Escape behaviour in the stomatopod crustacean Squilla mantis, and the evolution of the caridoid escape reaction

Abstract

The mantis shrimp Squilla mantis shows a graded series of avoidance/escape responses to visual and mechanical (vibration and touch) rostral stimuli. A low-threshold response is mediated by the simultaneous protraction of the thoracic walking legs and abdominal swimmerets and telson, producing a backwards ‘lurch’ or jump that can displace the animal by up to one-third of its body length, but leaves it facing in the same direction. A stronger response starts with similar limb protraction, but is followed by partial abdominal flexion. The maximal response also consists of limb protraction followed by abdominal flexion, but in this case the abdominal flexion is sufficiently vigorous to pull the animal into a tight vertical loop, which leaves it inverted and facing away from the stimulus. The animal then swims forward (away from the stimulus) and rights itself by executing a half-roll.

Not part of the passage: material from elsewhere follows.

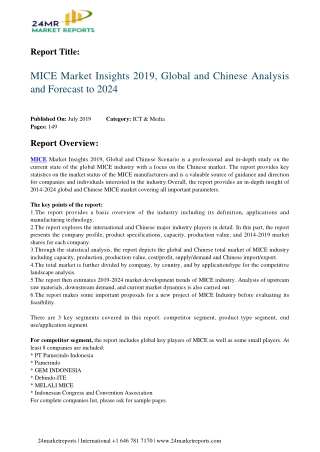 MICE Market Insights 2019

A bilaterally paired, large-diameter, rapidly conducting axon in the dorsal region of the ventral nerve excites swimmeret protractor motoneurons in several ganglia and is likely to be the driver neuron for the limb-protraction response. The same neuron also excites unidentified abdominal trunk motoneurons, but less reliably. The escape response is a key feature of the malacostracan caridoid facies, and we provide the first detailed description of this response in a group that diverged early in malacostracan evolution. We show that the components of the escape response contrast strongly with those of the full caridoid reaction, and we provide physiological and behavioural evidence for the biological plausibility of a limb-before-tail thesis for the evolution of the escape response.